Like I figured yesterday, the foreign press might describe any U.S. serviceman as a "Marine." As it happens, the two young men who intervened so successfully in the train attack were Alek Skarlatos, an Oregon Army National Guard infantryman, and Spencer Stone, a U.S. Air Force airman, along with a third, Anthony Sadler, a student at Sacramento State University. All three are lifelong friends who were traveling through Europe on vacation.
This morning's NPR story is a good wrap-up and it corrects many mistaken details that media outlets were echoing yesterday, Americans Hailed As Heroes For Subduing Gunman On Train In Belgium:
[Interior Minister of France] Cazeneuve said that when a French passenger tried to enter a toilet on the train, he was encountered the gunman and tried, but failed to overpower him. The assailant's gun was then fired. A French-American passenger was hit by the bullet.
That's when, Sadler tells the AP, that the three heard a gunshot and breaking glass and then saw a train employee running down an aisle, followed by a man carrying an automatic rifle.
"As he was cocking it to shoot it, Alek just yells, 'Spencer, go!' And Spencer runs down the aisle," Sadler said. "Spencer makes first contact, he tackles the guy, Alek wrestles the gun away from him, and the gunman pulls out a box cutter and slices Spencer a few times. And the three of us beat him until he was unconscious."
-- snip --
Skarlatos was quoted by Sky News as saying "Spencer got to the guy first and grabbed the guy by the neck."
"I grabbed the handgun, got that away from the guy and threw it. Then I grabbed the AK-47 (Kalashnikov), which was at his feet, and started muzzle-bumping him in the head with it," Skarlatos said. "Everybody just started beating the guy while Spencer held the chokehold until he went unconscious."
According to France24, when Skarlatos checked the AK-47, it had jammed and would not have been able to fire. The cartridge for the handgun had also been dropped, he said.

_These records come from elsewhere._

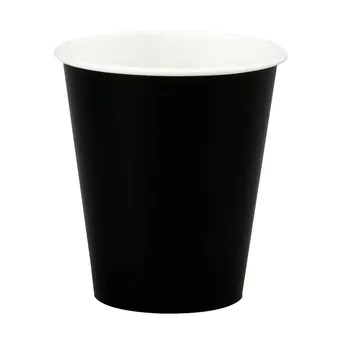 Стакан бумажный Ecocups 250мл, D80мм, 1-сл, без принта, черный, 50шт/уп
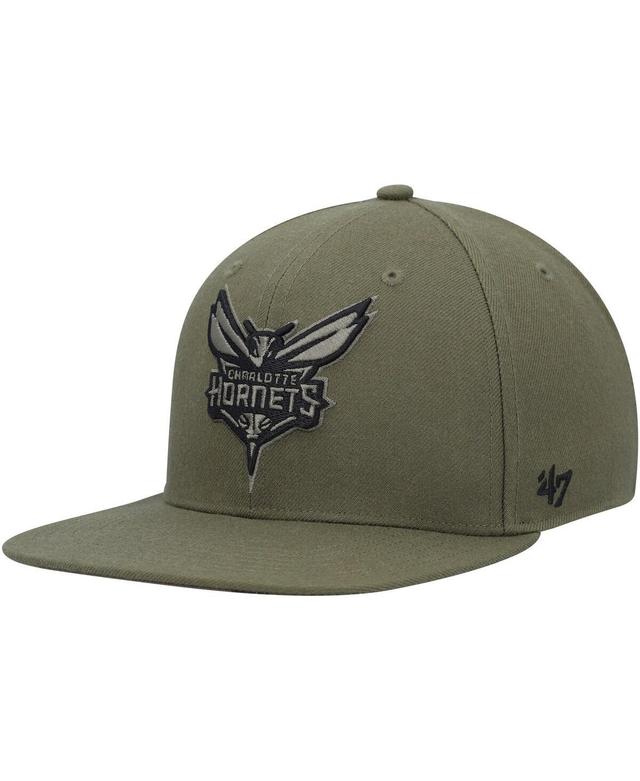 Mens 47 Olive Charlotte Hornets Ballpark Camo Captain Snapback Hat Product Image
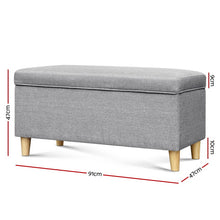 Load image into Gallery viewer, Keezi Storage Ottoman Blanket Box Toy Chest Kids Foot Stool Couch Light Grey
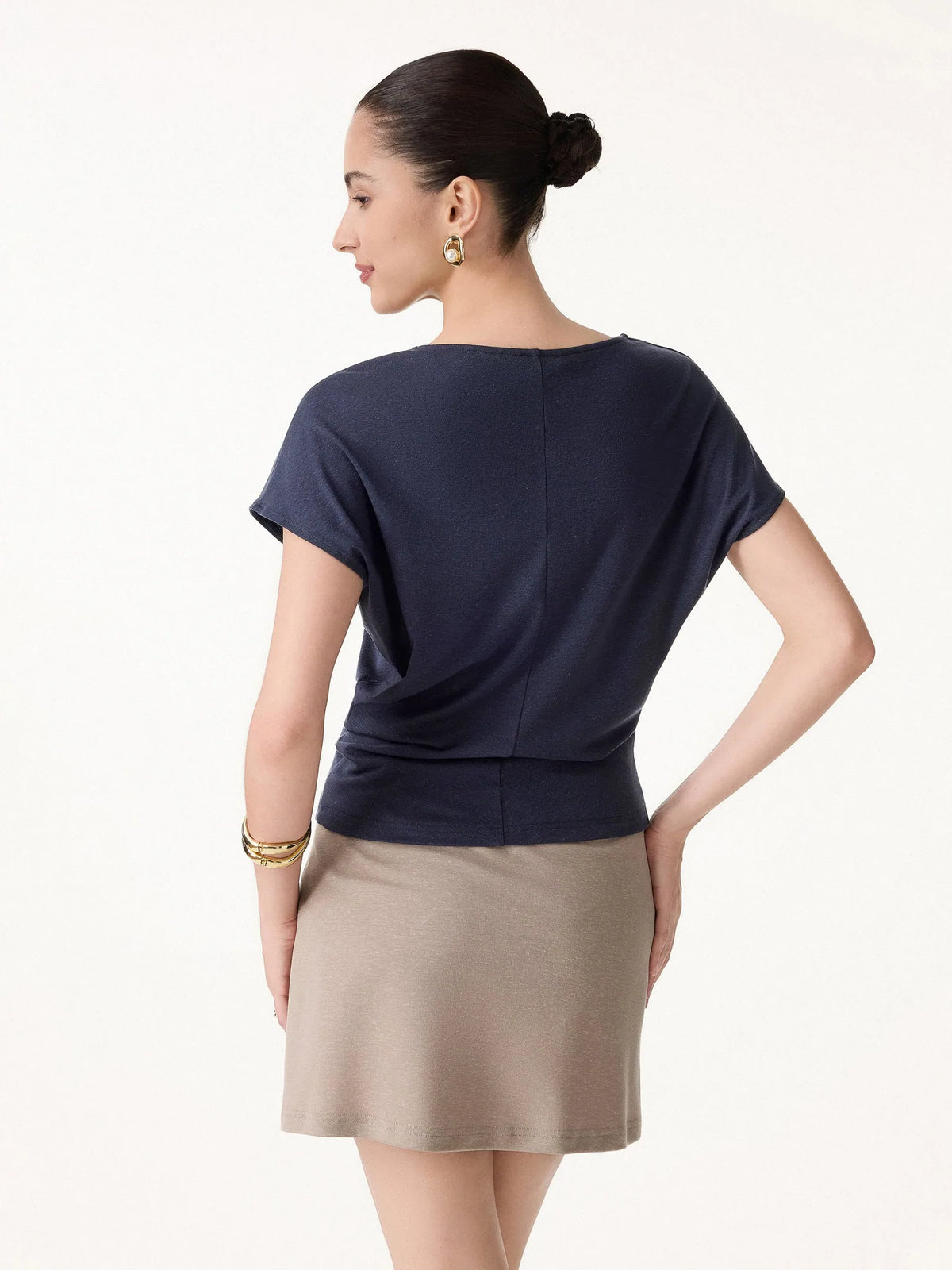 Gunhild Round Neck Top & Maxi Skirt Set – Navy – back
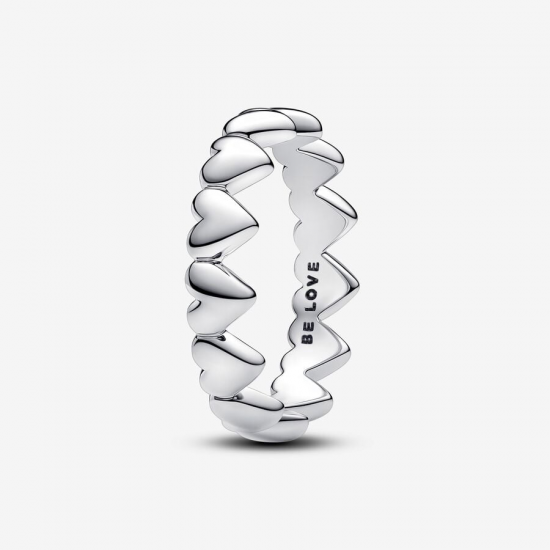 Pandora Rij Harten Ring Maat 16,5 (52) - 55559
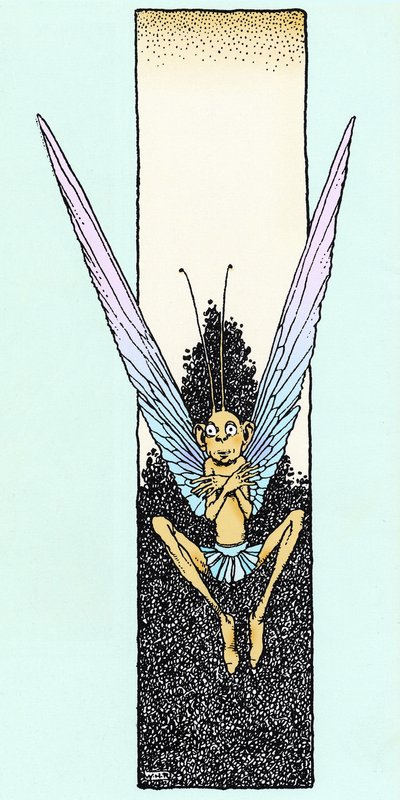 Um duende representado no Ato V de "Sonho para uma noite de verão" de William Shakespeare (1595), desenho de W. Heat Robinson, Edição Ilustrada de 1914, Constable. de William Heath Robinson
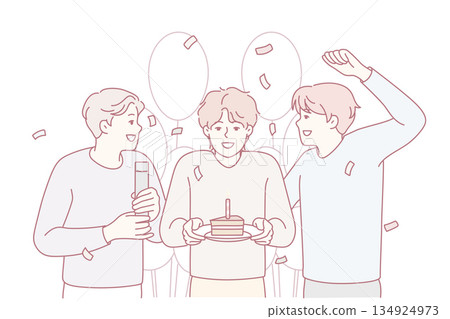 Joyful gathering with cake and balloons, Group of friends enjoying festive celebration together 134924973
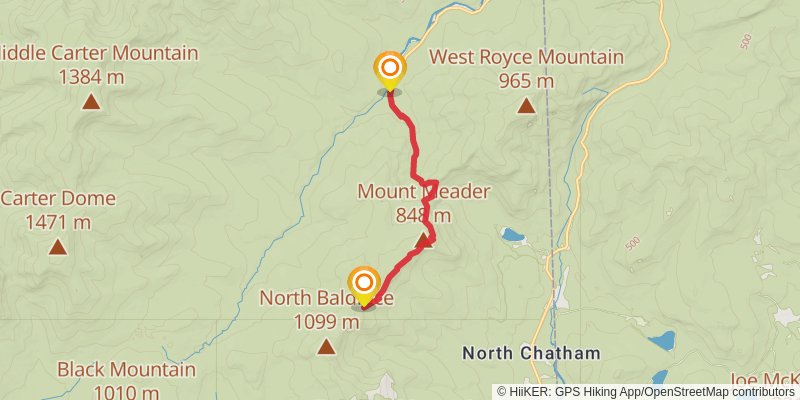 Eagle Crag and Mount Meader via Eagle Link and Basin Trail stage 2 Map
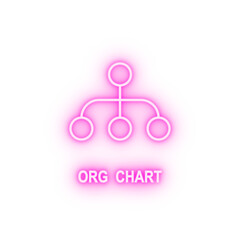 Organizational chart neon icon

Both the rifle and pistol were inoperable? There are some interesting guns n' ammo details about that in a report from Breitbart London:
He [Skarlatos] then took the AK47 and started clearing the other carriages, believing there could be a second gunman. Upon inspecting the weapons he found it was the shooters own incompetence, as well as their quick thinking that prevented more from being injured – or even killed. He said:
“I noticed when I removed the round in the chamber of the AK that the primer had been stuck [TSB note: obviously, that should have been "struck"]. That meant he had pulled the trigger on the AK but the primer was faulty, so the gun didn’t go off and he didn’t know how to fix it … when I cleared the handgun I noticed there was no magazine in it, so he either dropped it accidentally or didn’t load it properly so he was only able to get one shot off”.
I don't know where the attacker learned to use small arms, but wherever it was, they evidently didn't stress immediate action to reduce stoppages, U.S. Army-style.
There was a fourth passenger who also joined in the attack on the gunman, and he is a middle-aged British businessman. It pleases me to know that a geezer of my own generation opened a can of whoop-ass rather than cringe in his seat at that moment. The gentleman was interviewed this morning:
He said: "I was just sitting working on my computer. I saw a man with a Kalashnikov. I said to myself s***.
"I heard an American saying, 'go get him', then someone else saying, 'no you don't do that'. Then I realised the only way to survive was to go for him."
He added: "I'm not a hero I just did what I could.
"The heroes were Spencer Stone and Alek Skarlatos and Anthony Sadler … The train staff thought they were just fighting. To begin with they didn't understand what was happening.
-- snip --
"All I want to do now is go home and spend time with my family… I didn't hear him asking for his weapon back. What I did hear was Alek saying stop struggling. We got him down on the floor and tied him up while Alek went to look for other terrorists."
All's well that end's well. No one was killed, and for that our French friends know who to thank.
1 comment:
TSB: The key part was Skarlatos taking the AK and looking for others. Good Boy! That's a "been there, done this" move. I would have been tempted to return to apply some "enhanced interrogation" on his sorry ass.